Yes, this is a thought provoking topic. It inspires me to think and write more about jealousy too...when I make the time.
i must agree with my dear friend transience -- this post did make me reflect a bit. and i agree with you. when we are doing the best we can to love a person, jealousy isn't for us to worry about. if a lover was indeed "stolen" by another person, in your words, "that lover left me for many reasons and I would say that the "other woman" was barely on that list". well said. :)
usually i have seen love is one of the most selfish emotions...we love most that which gives us most happiness...although of course its about the giving too but well, i;m digressig...according to me, jealousy is about being insecure as a person, about being afraid that the one we love will find someone better than us and leave us and then the big fear of being left alone. so one level, it is important to grow as a person and become more secure in your own self and in your ability to deal with loneliness. On another level, its about how much secure our partner makes us feel and how much important our relationship is to him....but jealousy hurts like hell.

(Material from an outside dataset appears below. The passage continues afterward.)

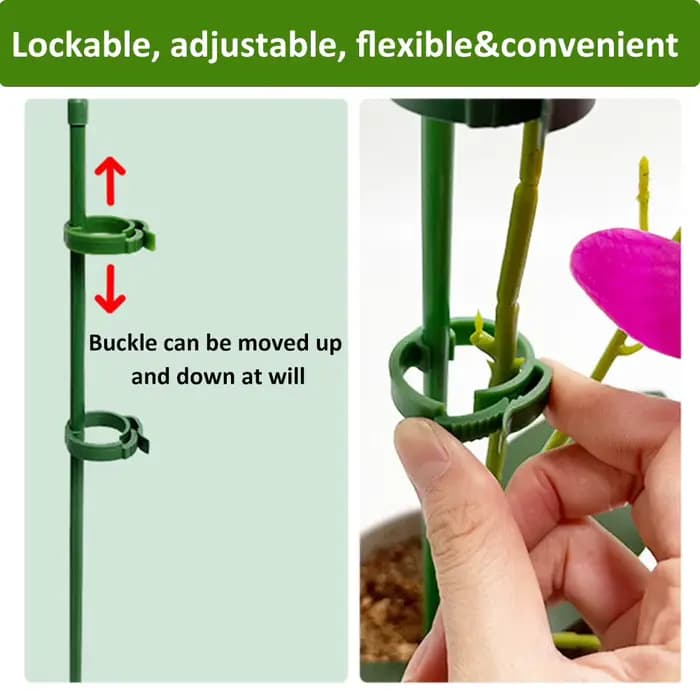 Piquets de Support pour plantes 90/60/30cm, réglables pour jardin, tige unique, Support de fleurs, b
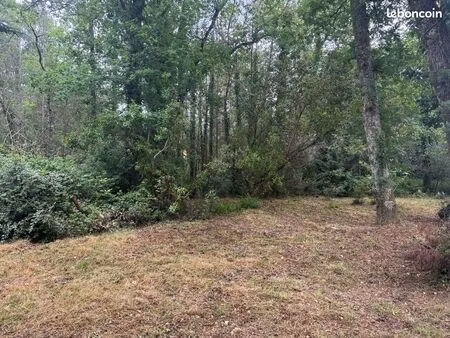 terrain 1 220 m² saint aubin de medoc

i forgot to say...thank you for commenting on my blog :) hope to see you again there.
i forgot to say...thank you for commenting on my blog :) hope to see you again there.
that's funny i had a post with lucinda william's lyrics for the steal your love song. i personally don't think you can steal love from someone else. if love happens and one relationship ends, then that is how its meant to go. i think some amount of jealously is healthy. i am a jealous person in the early stages of liking someone. i think its more stronger at that time because you don't know where you stand with the other person. a little jealousy is good.